After three full days of training, I had mastered driving our rigid inflatable boats. Nicolette (boat trainee) and I spoke to the captain and first mate of the Arctic Sunrise and suggested that we take over driving the ship as well. I mean, how different could it be? They quickly agreed that we were ready, and began making plans for an early retirement.

Nicolette and Frank

At 9:00 on Thursday, we lifted anchor and set out for Provincetown, Massachusetts. Nicolette and I thought it best that Frank join us in the bridge for our first time at the wheel, and he reluctantly obliged. Everything went smoothly, as we knew it would. Despite Frank’s repeated protests, Nicolette and I decided to leave the Arctic Sunrise in his hands for one more day, so we could participate in our last day of boat training. Bad idea.

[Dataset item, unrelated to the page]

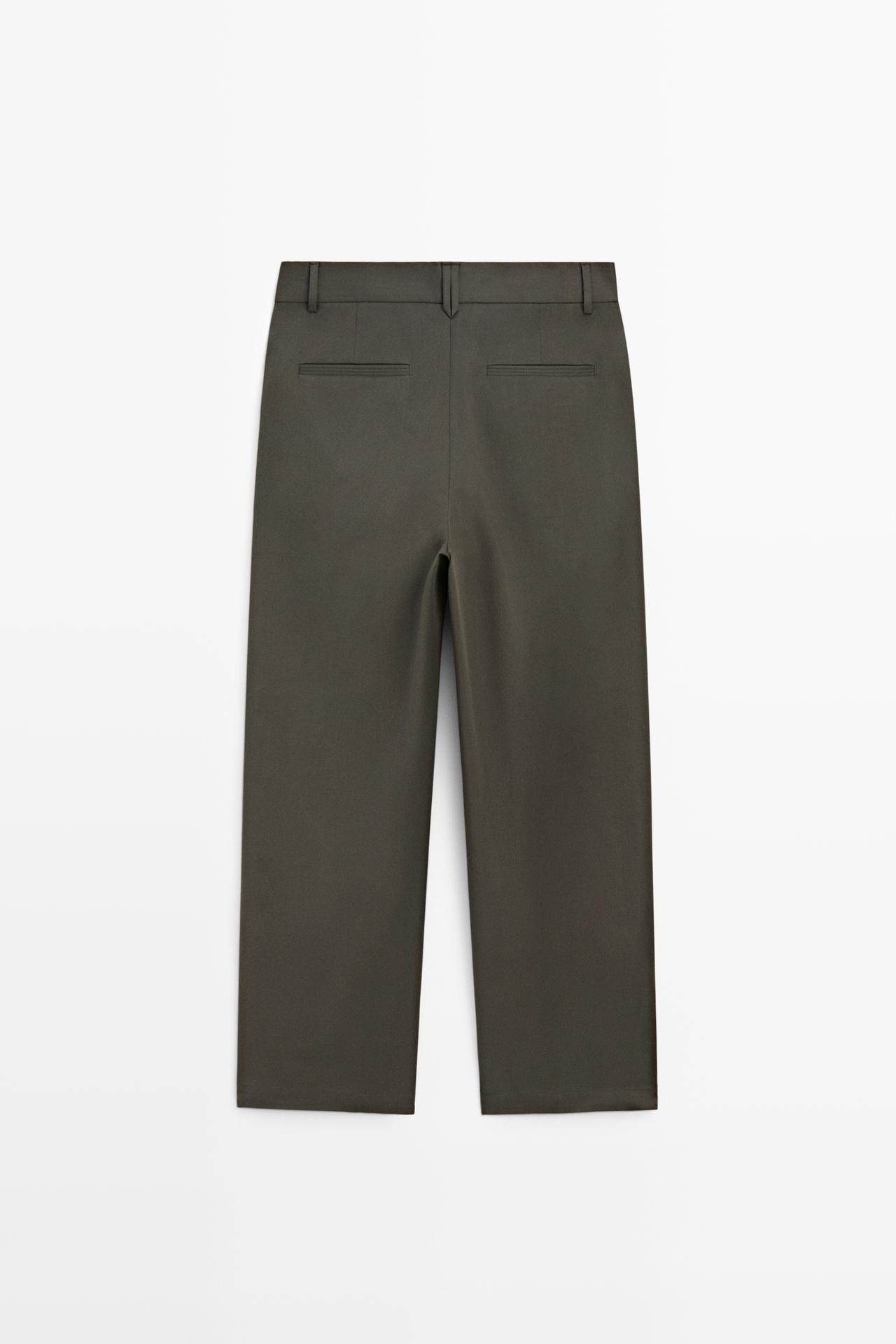 Flowing pants with darts — KHAKI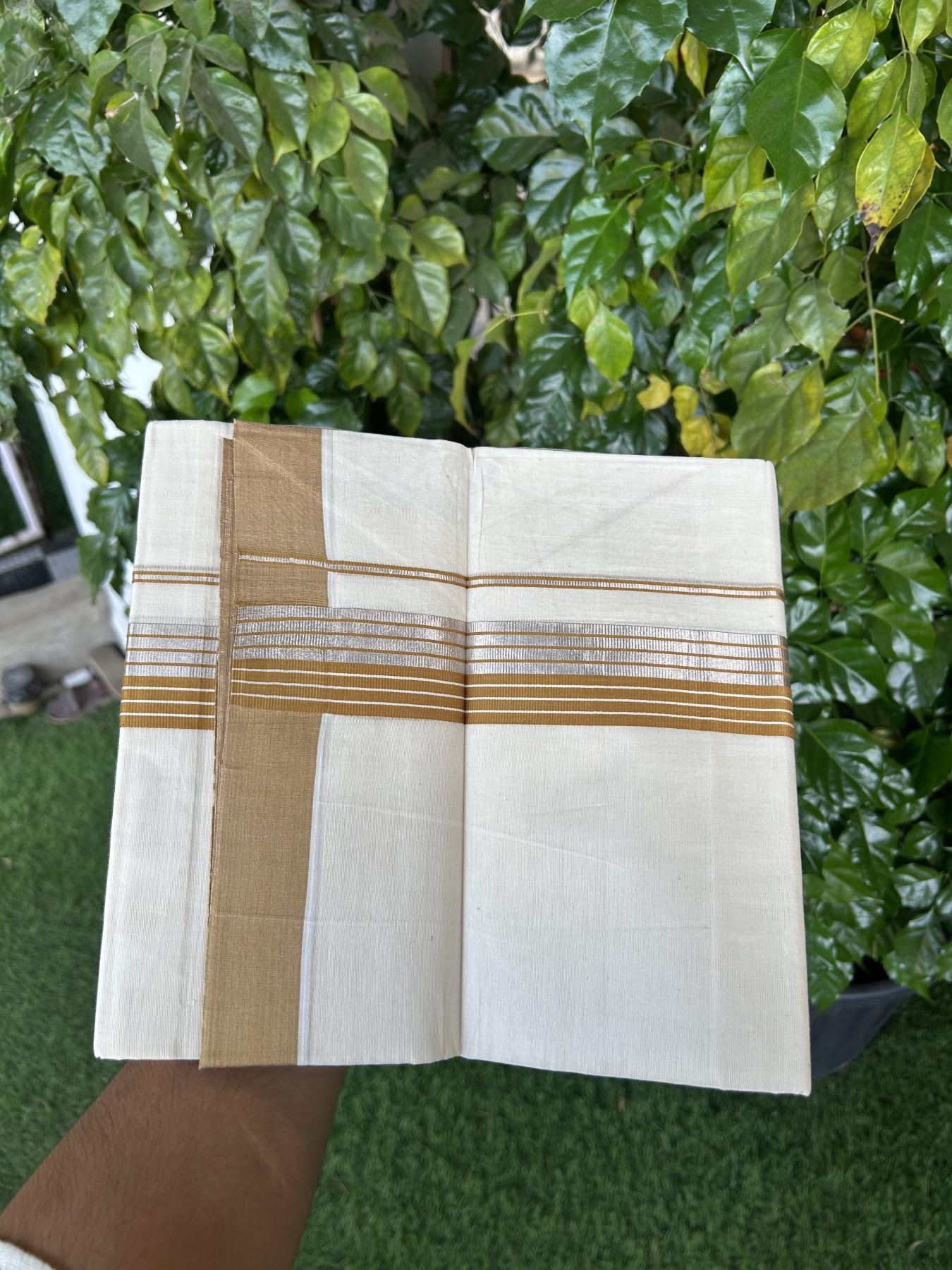 20% Discount! KaithariKada Balaramapuram 100% Cotton Off white Double Mundu/Dhoti - 80s - 1.5 inch Mustard Brown & Silver Kasav Striped Kara - 4mtr (8.5muzham) - 10 KK5357 VAS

We spent a beautiful, calm morning at sea learning some high-speed maneuvers, and practiced the other exercises from the week like launching and recovering the boats. We took a break for lunch and after we stuffed ourselves with carbohydrates, we prepared to once again board the boats. Our agenda for the afternoon session included loading and unloading passengers between the ship and the boats. We were all pretty comfortable with that drill and kept any water coming into the boats at a minimum. So it seemed odd when the first mate suggested we put on rain gear before boarding the RIBs, since there wasn’t a cloud in the sky. A murmur rippled through the crowd of the more experienced participants and the only discernible words were “fire hoses.”

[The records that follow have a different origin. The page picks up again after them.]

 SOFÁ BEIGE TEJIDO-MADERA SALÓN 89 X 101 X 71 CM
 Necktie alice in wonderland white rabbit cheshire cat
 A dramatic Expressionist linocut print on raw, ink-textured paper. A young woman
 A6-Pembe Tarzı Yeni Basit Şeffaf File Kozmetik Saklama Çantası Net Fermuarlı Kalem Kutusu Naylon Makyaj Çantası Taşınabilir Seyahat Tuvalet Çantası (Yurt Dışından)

Sure enough, as the first driver approached to unload the rest of the crew from the RIB to the Arctic Sunrise, the first mate radioed the captain and said, “You may now push the button.”

“The button,” as it turned out, made water spray directly into our boat at an incredible force (six bars, for those of you who know what that means). The crew was simulating the conditions our activists commonly face when boarding and disembarking a hostile vessel. The water comes at you from every direction and it knocks you around like you are going through the spin cycle of a washing machine. Visibility is next to nothing and it’s hard to communicate over the sound of the gushing water. The crew was acting out their role as environmental foe by spraying us with the hoses, but I don’t think they were faking the sparkle in their eyes or the ear-to-ear grins we noticed as they did it.

Raul on Ladder

I don’t know how we managed to complete the exercise and depart in one piece. It was physically one of the greatest challenges I have ever experienced. I’ve seen classic Greenpeace images of activists being sprayed by hoses and I’ve always thought “cool!” Now that I know what it actually feels like, I have an entirely different level of respect for them.

I wish I had some pictures to show you from this afternoon, but I know that a camera would never have survived the “attack.” In fact, a pair of sunglasses didn’t make it out. They are lost at sea forever.

It was a great exercise to end the training. I learned a lot about boats this week and would like to thank all the instructors and advanced trainees for their patience with me. We arrived in Provincetown at 16:00 and here we will say goodbye to the activists and welcome back onboard Chris (campaigner) and Eric (deckhand/explorer). They have spent the week in Cape Cod, laying the groundwork for our campaign activities surrounding the proposed wind farm. Personally, I think they were tipped off about the fire hoses and jumped ship the first chance they got.